I grinned at Luvo. "So he just goes around as his magic self."
"But how does his mountain do things with Luvo gone?" That was Myrrhtide, asking a normal question, for a change. He looked at my small pile of rocks and didn't even sniff.
"My mountain rejoices." Luvo walked over to stand in front of Myrrh tide, so that Myrrhtide would have to watch him as he spoke. "I do not rearrange its crystals and pillars, or redirect its streams and glaciers. I do not reshape it with avalanches, floods, or tremors. It can slumber in the sun and cold in peace. My mountain finds me too active a heart for its liking, Dedicate Initiate Myrrhtide."
"No wonder you get on so well with Evvy." Myrrhtide leaned back, though he kept his eyes on Luvo. "Being so wise, Master Luvo, I'm surprised you didn't warn us of what is happening under
this
mountain."
"Warn you? As I have said, I did not know." Luvo sat on his rounded stone rump, his head knob pointed up at Myrrhtide. "And what is the point of a warning? The volcano will be born, devouring all in its path. It will continue to destroy, or it will become land, and a mountain. The new eats the old. It is always so."
"But we're humans," said Myrrhtide. "We can flee. Provided we have time." He nodded to yet another village notable who came in the door.
"That's what we're going to work out, once the entire village council is here." We had forgotten that Azaze was listening. "Evvy—it is Evvy?"
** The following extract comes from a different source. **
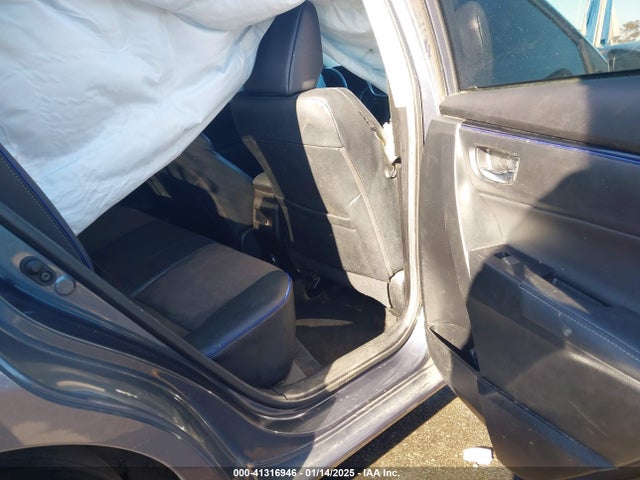 5YFBURHE1KP878790 Toyota COROLLA SE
I nodded. I was fishing stones from my other pocket and setting them on the table. Here was an odd, interesting bit of obsidian, like pumice in texture. Here was a fine-grained gray rock that had begun life far below the earth. There were other kinds of volcano rocks that had been high on Mount Grace.
Azaze snapped bony fingers under my nose to get my attention. I think she did it several times before Rosethorn kicked me gently.
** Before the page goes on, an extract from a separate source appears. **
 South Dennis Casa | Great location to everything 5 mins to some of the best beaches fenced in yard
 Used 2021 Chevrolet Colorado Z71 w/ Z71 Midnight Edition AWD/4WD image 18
"I could have kicked her myself, Dedicate Rosethorn," Azaze said. "Evvy, if we give you slate and chalk, can you draw maps? Where this chamber is compared to the village, and the lake, and the mountain? Where these cracks are?" Azaze turned a beaded ring on one of her fingers. "It will be easier for the council to follow what you're saying if you have even a crude map." She pointed to the table behind us.
I hadn't seen the big slate and the tray of colored chalks that lay on it. Someone must have brought them out while I was eating. I took some flatbread and walked over to the slate, thinking while I chewed. Drawing maps of places I had gone in my magic was something I had studied at Winding Circle. I sketched a view of the mountain and the lake from the side, as if I'd cut Starns in two.
I was concentrating so hard I didn't hear Oswin go out and return. I did notice when he plopped his saddlebag on the table next to me. "Here. Maybe this will help." He undid the straps and took out a leather tube. He pulled a roll of papers from the tube. He thumbed through them, muttering to himself. "Margret Island, no, Lore Island, Karl Island, Sustree, Sotat—ah!"
He selected a paper and spread it next to my slate. It was a really good map of all Starns. I whistled my respect. It had the usual things, like roads, towns, and rivers, but it also showed the old lines of power that Jayat and Tahar once used. There was even a trick of coloring that showed ridges and gorges.
"Will that help?" Oswin weighted the corners with plates and cups.
"A lot, thanks!" I said. "Where did you get this?"
"Oh, I did it. It's useful." Oswin told me.
I smiled at him as he put Luvo on the table next to me. "Useful for somebody who goes around fixing things?"
"And I guide people over the island for coin. If they pay me extra, I try not to get them lost."
"Did you draw all those maps?" I asked him.
"No, only the ones for this island and a handful of our neighbors. The others I bought. I wish I were traveled enough to have done the others myself." Oswin put the other maps away.
I had a feeling I'd touched a sore spot. I looked at Luvo. "How far under the mountain was I? I figure three and a half miles, but you'd know better than me."